- _What this task involves_: Everything from the line holding "Különböző fűszerek és" to the last line of the material below must be retyped exactly, minus any pictures.

- _Recorded information_:
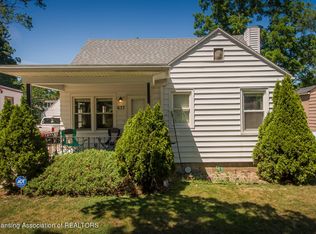 633 Ridgewood Ave, Lansing, MI 48910
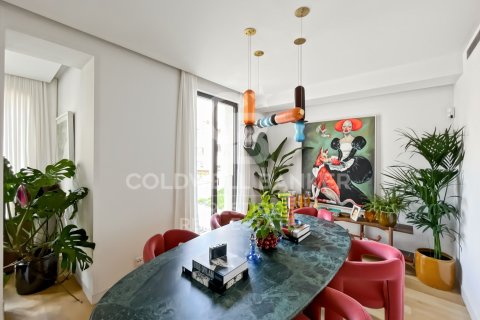 Apartamento en venta en Barcelona, España 2 dormitorios, 130 m2 No. 157408 - foto 9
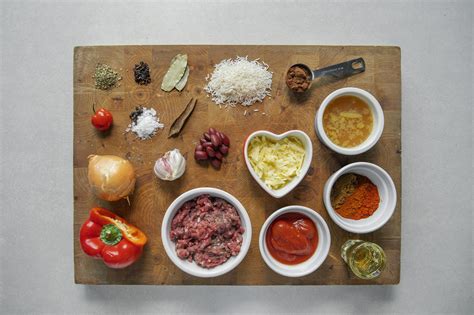 Különböző fűszerek és friss alapanyagok chilis bab készítéséhez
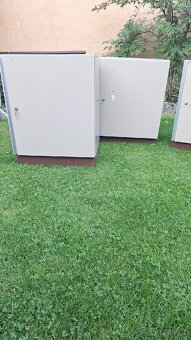 Dílenské  skříňky  do provozovny, velmi pěkné - 2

- _Worked solution_:
 Különböző fűszerek és friss alapanyagok chilis bab készítéséhez
 Dílenské  skříňky  do provozovny, velmi pěkné - 2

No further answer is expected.